*Information supplied*.

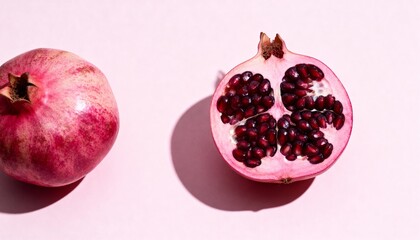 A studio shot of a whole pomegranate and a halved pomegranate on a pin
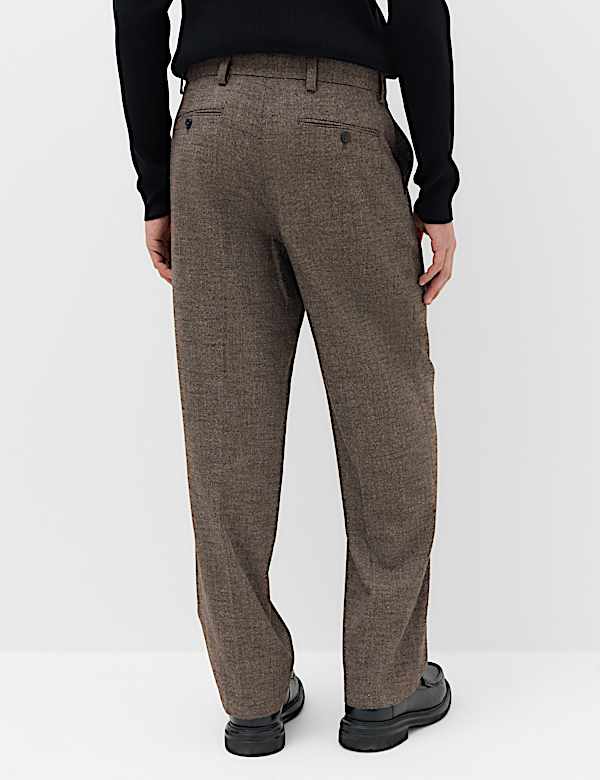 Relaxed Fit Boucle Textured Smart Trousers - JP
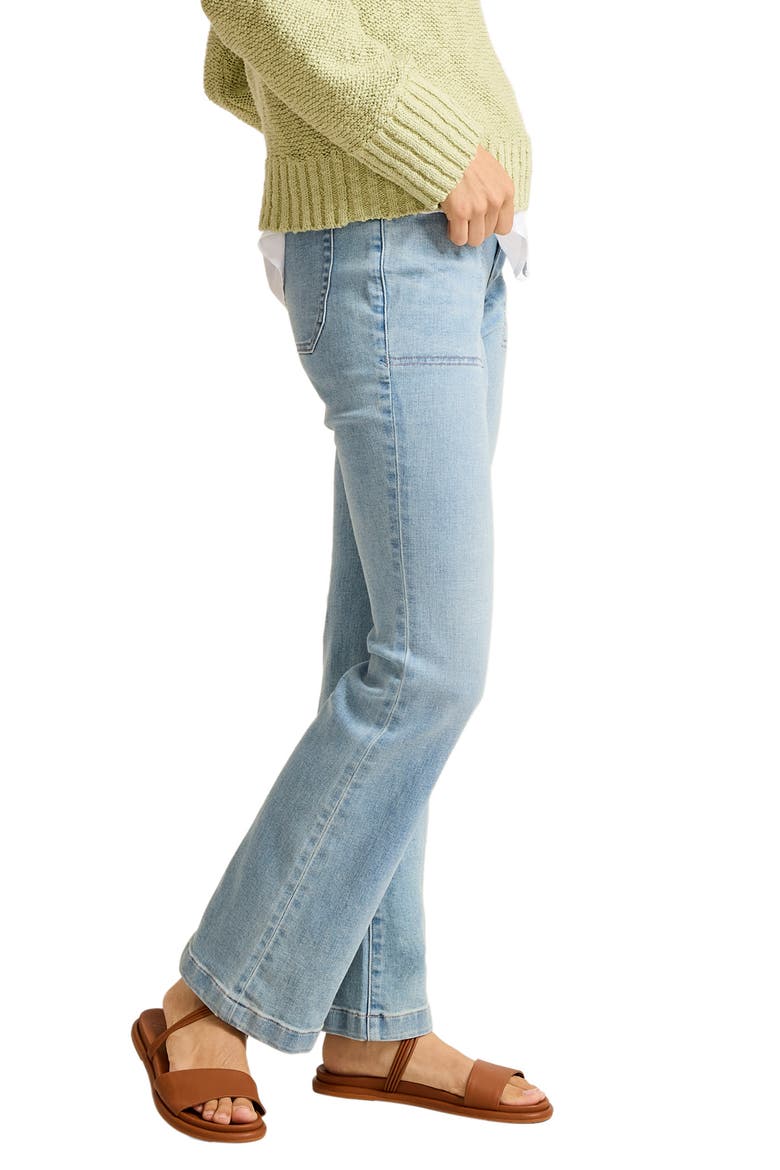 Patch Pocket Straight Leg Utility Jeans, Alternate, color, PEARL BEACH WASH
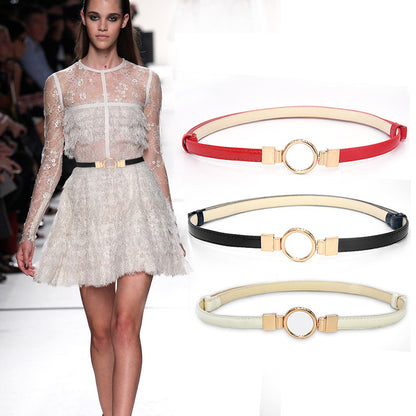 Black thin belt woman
---
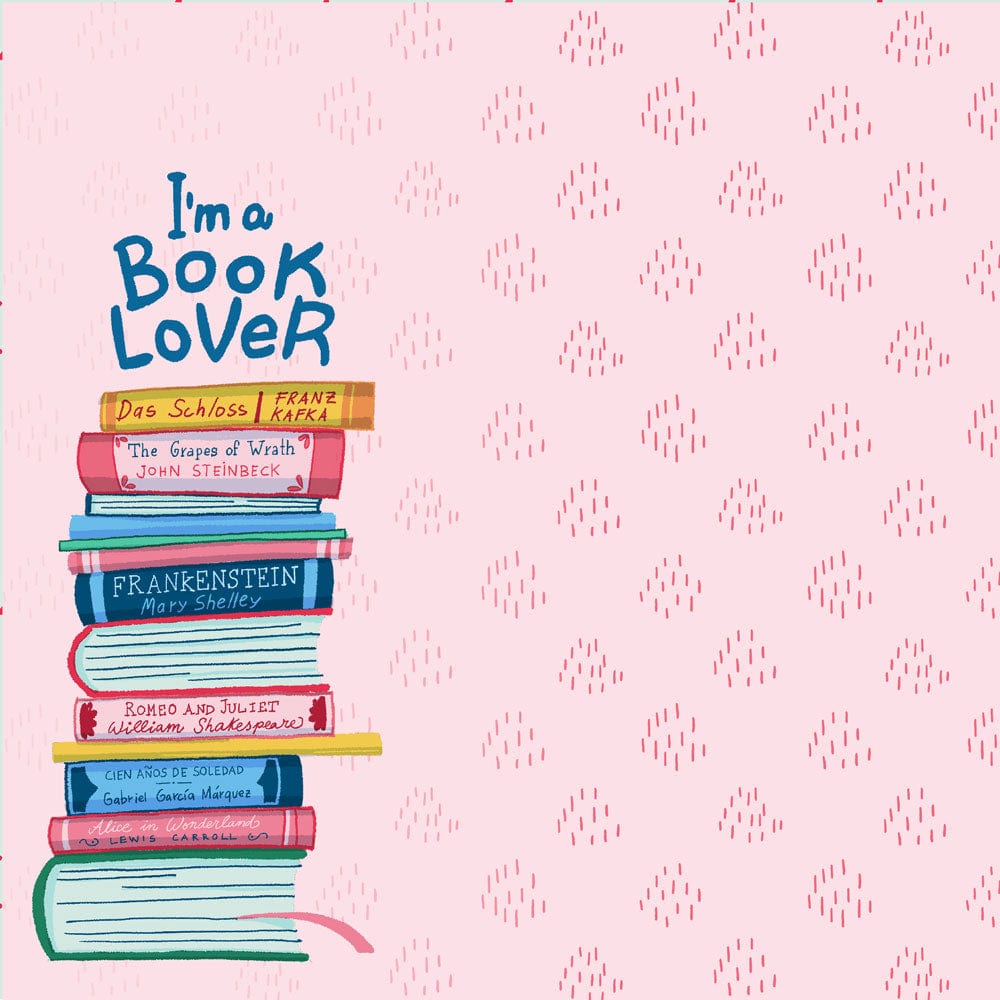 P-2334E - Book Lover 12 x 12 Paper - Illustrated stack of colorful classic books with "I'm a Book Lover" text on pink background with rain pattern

*Task instructions*. Exactly the lines above from the one that contains "Relaxed Fit Boucle" down to the one that contains "Black thin belt woman" are to be output, both ends kept and pictures omitted.

*Result of the task*.
 Relaxed Fit Boucle Textured Smart Trousers - JP
 Patch Pocket Straight Leg Utility Jeans, Alternate, color, PEARL BEACH WASH
 Black thin belt woman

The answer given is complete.